Our app leverages the Map Reduce framework common in big data applications, with a tiny twist. since the boards are hardly big enough to function as nodes, we had to use something with a little more power as the master node. The webserver played that role, allowing for mapper scripts to be run on it that distribute data and a reducer script to the Edisons. From there, the boards would each execute the reducer script on their small portion of data, then return the output to the webserver along with an id which denotes which board the data belonged to. In our proof-of-concept demo we used a very simple example. A single Edison would first attempt to sort the entire text of  War and Peace alphabetically in a very short python script. Simply allocating the space for the novel alone was a struggle, and once the sort process began, the ram began to overflow and the board rebooted. This was expected. This task is simply too large for the memory and computational capabilities of the device. For contrast, we uploaded the same task to our webservice, to which we had registered 6  boards. A mapper script was created along the following lines:

def map(text):
words = text.split(' ')
letters = dict()
for word in words:
#map each word to a list by its first letter
letters[word.lower()[0]] .append(word)
return letters

This split the book into 26 arrays by the starting letter (plus a few for symbols) for every word in the book.

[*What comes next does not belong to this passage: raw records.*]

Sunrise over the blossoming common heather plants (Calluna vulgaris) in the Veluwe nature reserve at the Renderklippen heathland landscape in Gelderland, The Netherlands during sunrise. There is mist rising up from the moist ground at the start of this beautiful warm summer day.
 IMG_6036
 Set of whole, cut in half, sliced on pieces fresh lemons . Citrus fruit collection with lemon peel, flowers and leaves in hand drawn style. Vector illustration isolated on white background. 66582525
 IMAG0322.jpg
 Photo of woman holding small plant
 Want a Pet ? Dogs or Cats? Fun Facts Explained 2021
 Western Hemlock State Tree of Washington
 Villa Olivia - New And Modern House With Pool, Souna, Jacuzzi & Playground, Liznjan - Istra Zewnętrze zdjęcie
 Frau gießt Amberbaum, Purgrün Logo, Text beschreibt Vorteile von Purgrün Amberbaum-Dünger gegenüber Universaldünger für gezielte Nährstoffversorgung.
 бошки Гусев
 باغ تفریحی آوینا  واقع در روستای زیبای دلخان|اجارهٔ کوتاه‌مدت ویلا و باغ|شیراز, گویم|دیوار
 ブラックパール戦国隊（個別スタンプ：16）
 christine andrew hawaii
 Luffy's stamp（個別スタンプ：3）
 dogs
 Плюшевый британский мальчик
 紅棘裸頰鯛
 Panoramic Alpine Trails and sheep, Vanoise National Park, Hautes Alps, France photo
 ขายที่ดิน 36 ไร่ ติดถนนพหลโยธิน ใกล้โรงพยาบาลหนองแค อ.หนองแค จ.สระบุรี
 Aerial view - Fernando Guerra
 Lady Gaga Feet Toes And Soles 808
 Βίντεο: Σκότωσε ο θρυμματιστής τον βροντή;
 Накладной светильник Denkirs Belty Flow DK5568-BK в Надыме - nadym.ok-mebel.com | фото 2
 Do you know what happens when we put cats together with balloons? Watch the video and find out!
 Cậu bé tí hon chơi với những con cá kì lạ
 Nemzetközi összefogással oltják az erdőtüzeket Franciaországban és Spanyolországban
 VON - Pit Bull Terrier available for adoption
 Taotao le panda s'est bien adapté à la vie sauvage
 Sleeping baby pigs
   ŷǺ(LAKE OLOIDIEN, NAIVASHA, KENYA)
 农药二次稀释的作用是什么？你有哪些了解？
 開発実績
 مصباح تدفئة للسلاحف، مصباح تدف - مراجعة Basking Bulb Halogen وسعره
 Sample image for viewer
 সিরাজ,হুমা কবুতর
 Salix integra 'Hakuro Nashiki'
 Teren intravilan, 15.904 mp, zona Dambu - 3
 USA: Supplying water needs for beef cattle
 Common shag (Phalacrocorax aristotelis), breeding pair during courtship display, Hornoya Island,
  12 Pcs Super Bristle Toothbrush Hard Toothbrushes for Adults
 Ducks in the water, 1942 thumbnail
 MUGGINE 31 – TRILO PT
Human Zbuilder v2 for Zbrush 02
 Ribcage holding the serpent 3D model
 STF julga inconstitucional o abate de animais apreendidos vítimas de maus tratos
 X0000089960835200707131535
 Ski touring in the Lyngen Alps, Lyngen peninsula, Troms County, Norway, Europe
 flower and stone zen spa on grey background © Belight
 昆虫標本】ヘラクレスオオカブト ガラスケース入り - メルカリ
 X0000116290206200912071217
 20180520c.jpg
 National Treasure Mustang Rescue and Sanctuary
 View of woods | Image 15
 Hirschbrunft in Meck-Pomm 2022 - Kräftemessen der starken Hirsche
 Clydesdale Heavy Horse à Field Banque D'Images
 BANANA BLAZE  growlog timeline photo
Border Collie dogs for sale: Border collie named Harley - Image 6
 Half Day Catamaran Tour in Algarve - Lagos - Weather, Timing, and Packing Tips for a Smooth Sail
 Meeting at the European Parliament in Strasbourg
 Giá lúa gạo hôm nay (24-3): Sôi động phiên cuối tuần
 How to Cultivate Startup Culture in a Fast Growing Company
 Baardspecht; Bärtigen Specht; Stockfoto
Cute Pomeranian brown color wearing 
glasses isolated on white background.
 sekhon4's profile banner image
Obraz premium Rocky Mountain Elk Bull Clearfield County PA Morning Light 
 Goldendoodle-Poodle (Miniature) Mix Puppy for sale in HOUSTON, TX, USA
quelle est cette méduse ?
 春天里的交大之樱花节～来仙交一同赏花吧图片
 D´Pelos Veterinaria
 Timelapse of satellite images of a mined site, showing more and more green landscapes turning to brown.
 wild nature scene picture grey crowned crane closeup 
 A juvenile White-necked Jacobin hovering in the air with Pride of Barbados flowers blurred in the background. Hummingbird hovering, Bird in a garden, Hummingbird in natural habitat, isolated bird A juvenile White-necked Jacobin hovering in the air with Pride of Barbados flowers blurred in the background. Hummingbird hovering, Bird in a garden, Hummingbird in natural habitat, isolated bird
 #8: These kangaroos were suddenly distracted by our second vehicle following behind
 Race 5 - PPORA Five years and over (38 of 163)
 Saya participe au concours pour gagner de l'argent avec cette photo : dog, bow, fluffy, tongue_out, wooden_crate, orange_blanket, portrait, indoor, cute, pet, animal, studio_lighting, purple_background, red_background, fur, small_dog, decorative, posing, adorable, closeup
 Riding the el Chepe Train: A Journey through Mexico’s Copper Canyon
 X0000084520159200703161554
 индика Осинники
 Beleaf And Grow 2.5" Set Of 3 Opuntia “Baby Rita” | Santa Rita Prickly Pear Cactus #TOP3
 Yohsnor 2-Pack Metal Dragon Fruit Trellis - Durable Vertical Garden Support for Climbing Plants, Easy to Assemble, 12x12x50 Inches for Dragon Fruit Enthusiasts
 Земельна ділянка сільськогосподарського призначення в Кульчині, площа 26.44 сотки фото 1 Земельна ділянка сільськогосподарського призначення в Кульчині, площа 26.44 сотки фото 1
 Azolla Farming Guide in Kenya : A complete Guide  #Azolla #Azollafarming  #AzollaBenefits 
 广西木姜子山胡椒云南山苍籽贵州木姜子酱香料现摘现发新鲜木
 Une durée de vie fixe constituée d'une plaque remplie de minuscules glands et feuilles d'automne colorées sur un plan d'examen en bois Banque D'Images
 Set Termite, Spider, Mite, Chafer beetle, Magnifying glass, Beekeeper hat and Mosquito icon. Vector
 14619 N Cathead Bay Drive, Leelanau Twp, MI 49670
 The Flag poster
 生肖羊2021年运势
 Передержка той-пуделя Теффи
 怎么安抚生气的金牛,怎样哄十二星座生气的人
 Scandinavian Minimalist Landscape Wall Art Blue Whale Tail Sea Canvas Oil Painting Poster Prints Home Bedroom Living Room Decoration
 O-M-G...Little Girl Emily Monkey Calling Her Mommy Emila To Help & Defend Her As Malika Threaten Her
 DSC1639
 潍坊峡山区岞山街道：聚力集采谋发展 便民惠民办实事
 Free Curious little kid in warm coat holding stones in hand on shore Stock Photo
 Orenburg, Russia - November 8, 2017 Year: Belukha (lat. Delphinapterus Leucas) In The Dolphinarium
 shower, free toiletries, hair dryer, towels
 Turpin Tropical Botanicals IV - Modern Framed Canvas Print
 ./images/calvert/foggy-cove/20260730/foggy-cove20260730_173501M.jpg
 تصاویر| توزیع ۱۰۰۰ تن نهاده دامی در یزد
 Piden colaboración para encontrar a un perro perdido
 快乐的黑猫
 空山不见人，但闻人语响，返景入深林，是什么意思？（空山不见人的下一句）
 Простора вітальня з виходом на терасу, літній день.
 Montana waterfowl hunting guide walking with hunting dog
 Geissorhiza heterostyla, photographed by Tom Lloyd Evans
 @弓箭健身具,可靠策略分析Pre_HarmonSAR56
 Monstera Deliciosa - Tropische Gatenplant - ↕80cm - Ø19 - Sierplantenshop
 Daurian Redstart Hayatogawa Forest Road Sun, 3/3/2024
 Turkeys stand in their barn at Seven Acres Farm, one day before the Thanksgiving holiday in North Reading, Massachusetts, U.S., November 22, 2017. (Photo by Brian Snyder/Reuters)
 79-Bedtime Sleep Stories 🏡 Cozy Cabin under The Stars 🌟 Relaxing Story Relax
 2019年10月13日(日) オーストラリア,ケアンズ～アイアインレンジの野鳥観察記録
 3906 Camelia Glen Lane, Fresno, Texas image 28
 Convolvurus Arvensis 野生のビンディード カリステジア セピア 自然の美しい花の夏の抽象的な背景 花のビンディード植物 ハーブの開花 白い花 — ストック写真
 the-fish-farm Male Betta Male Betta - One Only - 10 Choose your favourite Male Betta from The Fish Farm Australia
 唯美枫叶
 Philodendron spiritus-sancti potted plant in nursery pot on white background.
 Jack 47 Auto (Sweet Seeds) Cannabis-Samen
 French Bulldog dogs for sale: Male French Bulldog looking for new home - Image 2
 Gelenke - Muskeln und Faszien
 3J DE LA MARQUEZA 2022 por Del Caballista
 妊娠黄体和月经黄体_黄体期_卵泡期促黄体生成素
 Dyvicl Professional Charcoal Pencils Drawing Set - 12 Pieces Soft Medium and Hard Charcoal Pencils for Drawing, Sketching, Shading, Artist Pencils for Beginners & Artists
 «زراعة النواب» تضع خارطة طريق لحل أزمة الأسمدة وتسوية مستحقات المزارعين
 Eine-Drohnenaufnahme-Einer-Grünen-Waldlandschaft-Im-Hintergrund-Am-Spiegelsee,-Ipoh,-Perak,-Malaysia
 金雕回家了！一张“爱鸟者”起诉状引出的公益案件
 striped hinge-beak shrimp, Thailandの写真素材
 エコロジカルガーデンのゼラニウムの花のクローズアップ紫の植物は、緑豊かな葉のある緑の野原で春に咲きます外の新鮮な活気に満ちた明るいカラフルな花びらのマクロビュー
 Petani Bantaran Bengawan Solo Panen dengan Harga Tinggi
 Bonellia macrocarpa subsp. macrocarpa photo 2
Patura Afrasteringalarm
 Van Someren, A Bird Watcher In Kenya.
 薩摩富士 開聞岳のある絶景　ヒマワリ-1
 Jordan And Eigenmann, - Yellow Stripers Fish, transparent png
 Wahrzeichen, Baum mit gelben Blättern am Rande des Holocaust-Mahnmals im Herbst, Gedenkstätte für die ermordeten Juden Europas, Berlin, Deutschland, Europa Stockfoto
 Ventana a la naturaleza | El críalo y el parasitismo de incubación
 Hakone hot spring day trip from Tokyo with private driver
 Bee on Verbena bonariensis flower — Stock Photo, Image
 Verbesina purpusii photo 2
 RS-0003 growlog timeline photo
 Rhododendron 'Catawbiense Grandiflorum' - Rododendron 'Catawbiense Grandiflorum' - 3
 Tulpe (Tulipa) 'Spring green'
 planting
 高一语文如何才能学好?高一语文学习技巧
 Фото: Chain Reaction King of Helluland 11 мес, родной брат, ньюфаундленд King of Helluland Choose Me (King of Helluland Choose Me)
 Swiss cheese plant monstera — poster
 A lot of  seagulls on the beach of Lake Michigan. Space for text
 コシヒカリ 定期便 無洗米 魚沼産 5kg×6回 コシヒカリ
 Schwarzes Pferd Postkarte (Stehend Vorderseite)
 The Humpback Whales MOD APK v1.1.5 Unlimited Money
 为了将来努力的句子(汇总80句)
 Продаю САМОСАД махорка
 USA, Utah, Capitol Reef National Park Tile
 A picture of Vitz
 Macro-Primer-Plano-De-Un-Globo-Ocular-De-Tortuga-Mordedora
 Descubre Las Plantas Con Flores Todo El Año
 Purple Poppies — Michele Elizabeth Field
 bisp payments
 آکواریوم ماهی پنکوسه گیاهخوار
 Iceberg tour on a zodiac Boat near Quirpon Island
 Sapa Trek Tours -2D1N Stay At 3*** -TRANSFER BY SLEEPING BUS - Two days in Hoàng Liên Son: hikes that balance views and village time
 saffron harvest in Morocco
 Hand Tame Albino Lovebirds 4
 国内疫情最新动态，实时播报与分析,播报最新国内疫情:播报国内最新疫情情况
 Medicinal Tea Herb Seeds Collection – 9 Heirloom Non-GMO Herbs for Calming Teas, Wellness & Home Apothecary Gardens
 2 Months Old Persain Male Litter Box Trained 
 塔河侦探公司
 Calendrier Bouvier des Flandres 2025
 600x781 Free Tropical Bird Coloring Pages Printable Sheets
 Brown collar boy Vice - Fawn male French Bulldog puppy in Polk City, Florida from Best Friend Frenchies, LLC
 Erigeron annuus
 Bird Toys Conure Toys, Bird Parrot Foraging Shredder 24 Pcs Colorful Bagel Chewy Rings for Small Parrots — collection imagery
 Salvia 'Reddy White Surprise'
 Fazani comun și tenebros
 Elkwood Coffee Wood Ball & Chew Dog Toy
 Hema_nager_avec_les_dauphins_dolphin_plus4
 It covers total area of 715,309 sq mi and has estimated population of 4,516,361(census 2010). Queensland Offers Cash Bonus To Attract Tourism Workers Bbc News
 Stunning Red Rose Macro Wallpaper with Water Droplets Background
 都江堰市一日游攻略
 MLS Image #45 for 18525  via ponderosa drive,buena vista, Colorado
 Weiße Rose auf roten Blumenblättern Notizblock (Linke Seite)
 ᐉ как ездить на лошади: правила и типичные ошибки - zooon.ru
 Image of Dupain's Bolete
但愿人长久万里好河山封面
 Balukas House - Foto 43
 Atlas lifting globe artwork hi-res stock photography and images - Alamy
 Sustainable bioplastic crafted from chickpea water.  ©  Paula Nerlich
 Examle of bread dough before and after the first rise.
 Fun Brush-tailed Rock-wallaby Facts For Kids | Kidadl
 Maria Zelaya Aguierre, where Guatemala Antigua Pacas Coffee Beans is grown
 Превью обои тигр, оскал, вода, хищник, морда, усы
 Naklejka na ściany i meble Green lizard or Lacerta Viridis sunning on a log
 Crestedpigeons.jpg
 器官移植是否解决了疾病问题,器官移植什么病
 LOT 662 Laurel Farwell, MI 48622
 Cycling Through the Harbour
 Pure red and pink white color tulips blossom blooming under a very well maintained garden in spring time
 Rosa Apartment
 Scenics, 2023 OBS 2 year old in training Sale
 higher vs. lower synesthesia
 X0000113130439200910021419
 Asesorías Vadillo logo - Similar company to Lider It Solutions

Now, we had smaller chunks we could work with. The webserver sent a single array of data to each device, along with the index of the array. Since “A” comes first, a machine would receive all the words beginning with “A”, plus an ID of 0. The device also received a short python script, which told it to sort the list, then communicate the results and original ID back to the webserver. This process repeated until all the arrays of words had been sorted and returned. At that point, the web server would run it’s handler, which sorts the lists by ID. Since “A” had an ID of 0, “B” was ID 1, and so on, the result was a completely sorted novel in a short period of time. In our example it took around 15 seconds to sort the entire book. When some of the devices are in use it may take longer to lobby for access to CPU time and memory, but the idea remains the same.

Where are we now?

The code is on my github. It was just recently open-sourced, and there’s a reason it took this long. The code is VERY sloppy. One of the downsides to hackathons is that programming competence tends to decrease with tiredness. After 36 straight hours of working on the code, we began to make VERY bad mistakes. compound that with a teammate leaving in the middle of the night and frustration with new technologies and poor internet connection, and you get a mess. I’m not entirely sure that what is on github will actually work anymore, and I know that what was on the webserver no longer works. However, over the course of the next few weeks, I intend to revisit it and clean up large sections of the code, hopefully producing a live website soon enough. Please feel free to contribute and fork, or just stay tuned for a beta invite if you own an Edison board (and if you don’t you totally should).

Visit the code HERE

That’s all for this week. Next week I will wrap up my discussion on the Edison for now with my latest and current project: “Rest Easy”. Until then, raise a glass and code on.

The Internet of Things

Surely by now you have seen this term somewhere, maybe even subconsciously. This term (or its acronym IoT) has been used to describe anything and everything with an internet connection to the point that the average consumer probably has no idea of its meaning.  The idea is really pretty simple though. Newer devices should have internet linked controls, like an API, or a web interface meaning that following a random IP is more likely to lead you to a device than a person at a computer. In truth, very few devices really need to be called part of IoT. Most IPs today connect to a computer of some kind, with a small number of exceptions. There are some Internet capable thermostats, a few home automation controllers, and even a toaster with internet connections qualifying them as IoT, but the smart TVs and netbooks being advertised as such should probably not qualify.

Intel Edison

May I present to you, the exception to my above rant. Developer devices, such  as the raspberry pi have always had the potential to qualify, but more often than not in my experience, people use them as small portable computers. The Edison is a little bit different.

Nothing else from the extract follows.